コンゴ東部では豊富な鉱物資源の採掘・流通が武装勢力の資金源として利用され、鉱山とその周辺地域で武装勢力が住民に残虐な暴力をふるう状況が2016年現在も継続しています。武装勢力は住民に恐怖感を与えて支配する「紛争手段」として性暴力を利用し、コンゴ東部は「世界のレイプの中心地」とよばれています。本シンポジウムでは、コンゴ東部で性暴力被害者への医療に取り組むデ二・ムクウェゲ医師を講師として招き、紛争鉱物と性暴力の関係、そして国際社会の責任についてお話しいただきます。その上で、コンゴおよびルワンダ産の鉱物取引に従事するアドバンスト・マテリアル・ジャパンの吉永氏より日本企業の取り組みの現状をお話しいただきます。

華井和代先生も本を出されているようです。

コンゴの紛争資源問題と消費者の責任

「世界の遠い地域で起きている紛争を解決・緩和するために、日本の一般市民には何ができるのか、本当のことが知りたい」これが、本書を貫く筆者の問題意識である。
 
グローバル化が進む現代では、日本国内で暮らす一般市民でも、日常的な活動を通じて世界の遠い地域とつながっている。紛争も同じである。現代世界の紛争の多くは途上国に集中し、途上国の紛争傾向には、低所得、低成長、一次産品輸出への依存といった経済的要因が強く影響している。また、アフリカの資源産出国では、資源収入が政府軍、反政府武装勢力の双方において軍事費を支えている。こうした途上国や紛争地域から輸出される資源や産品を主に消費しているのは、先進国の市民である。私たちの日常的な消費行動が生産地における問題とつながっていることを自覚して責任ある消費選択をする、あるいは、消費者世論を形成して企業の行動を監視する、そうした活動によって私たち消費者は紛争の解決・緩和に貢献できるのではないだろうか。また、途上国の問題を解決するために援助を行う国際援助機関への重要な出資者は、先進国の政府や市民である。
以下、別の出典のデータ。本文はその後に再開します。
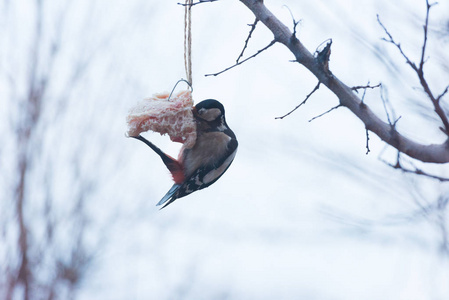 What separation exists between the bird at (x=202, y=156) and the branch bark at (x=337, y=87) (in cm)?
54

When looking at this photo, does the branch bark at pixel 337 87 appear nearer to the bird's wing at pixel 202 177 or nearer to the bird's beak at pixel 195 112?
the bird's beak at pixel 195 112

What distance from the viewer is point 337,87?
1.85m

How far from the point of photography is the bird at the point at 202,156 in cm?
232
援助先で起きている問題と解決への取り組みを理解し、責任ある支援や提言のできる思慮深い市民になることで、私たちは紛争の原因となる経済問題の解決・緩和に貢献できるのではないだろうか。

今回ムクウェゲ医師がノーベル平和賞を受賞したことで、映画の上映会も開かれるようでスケジュールが合えば是非とも足を運びたいと思います。